Don't partycopy to disk. Just open this in DEBUG (for Windows, Hexdump will be nice for Linux users)

C:\osdev\debug encode.bin

Type in 'd' after the '-' to see the binary file. ('?' will give you help, 'q' will quit). You will see something like this:

0AE3:0100 B9 FF 00 00 00 00 etc...

Look up the opcode for MOV here: http://www.baldwin.cx/386htm/MOV.htm See Section "17.2.2.1 Opcode" here: http://www.baldwin.cx/386htm/s17_02.htm

In other words, there is a unique register number (CX=1) added to the base opcode value 'B8' to give 'B9', which you see in the dump.

But watch what happens when you replace CX with ECX:

mov ecx, 0xFF
times 510-($-$$) db 0
db 0x55
db 0xAA
0AE3:0100 66 B9 FF 00 00 00 00 etc...

The '66' is an Operand Size Override Prefix generated by the assembler when there is a discrepancy with the default mode, which when NASM assembles binary files, it is 16-bit. The same thing happens if you use the BITS directive to change the mode, but it differs from the size of the operand:

[BITS 32]
   mov cx, 0xFF
   times 510-($-$$) db 0
   db 0x55
   db 0xAA

This doesn't actually change the mode of the processor, but it does help it interpret the subsequent bytes.

Addresses

Address encoding is a bit more complicated

 mov cx, [temp]
 
temp db 0x99
   times 510-($-$$) db 0
   db 0x55
   db 0xAA
0AE3:0100 8B 0E 04 00 99 00 00 00 etc...
  • '8B' is the opcode
  • '0E' is a ModR/M byte which help the opcode interpretation

See Section "17.2.1 ModR/M and SIB Bytes" here: http://www.baldwin.cx/386htm/s17_02.htm

The rules for interpreting this byte are complicated, because it contains different fields (see Fig. 17-2), but fortunately Table 17-2 makes it easier.
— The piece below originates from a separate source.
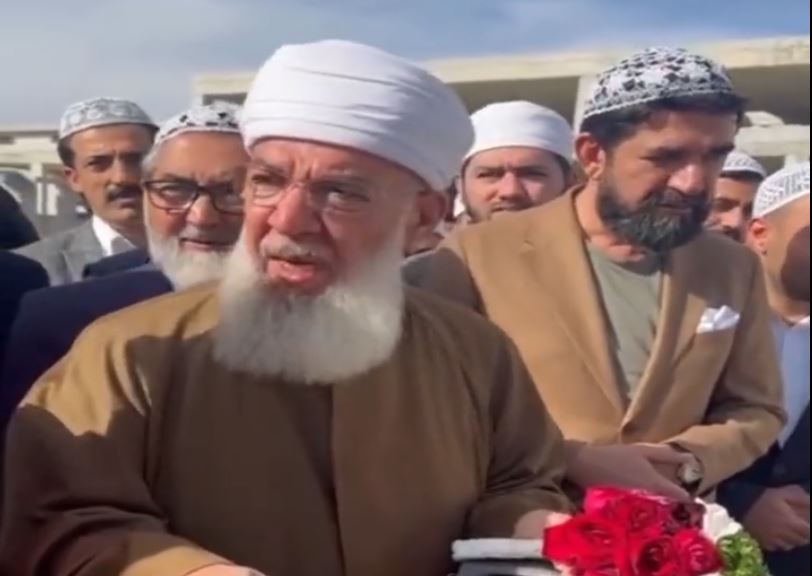 Büyükakın şaşırtmıyor. Menzilci Serdar Tuncer de Kocaeli Kitap Fuarı’nda konuşacak!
Look up '0E' and you will see at the left it says "disp16" which means that the operand will be interpreted as a 16-bit offset.

'04 00' is the 16-bit offset. If you are confused why 0x0004 is backwards, it's because the Intel processor is "little endian". The "little" end of the number comes first.

'99' is of course the value of the byte at 0x0004 (8B is at 0x0000)

Be aware of another prefix called the Address size Override Prefix '67' which the assembler generates when there is a discrepancy just like with '66' above.

This stuff matters for a bunch of reasons, but since we will be making the switch from 16-bit real mode to 32-bit protected mode, our code is going to also change. And being aware of what a dump looks like can prevent a lot of grief.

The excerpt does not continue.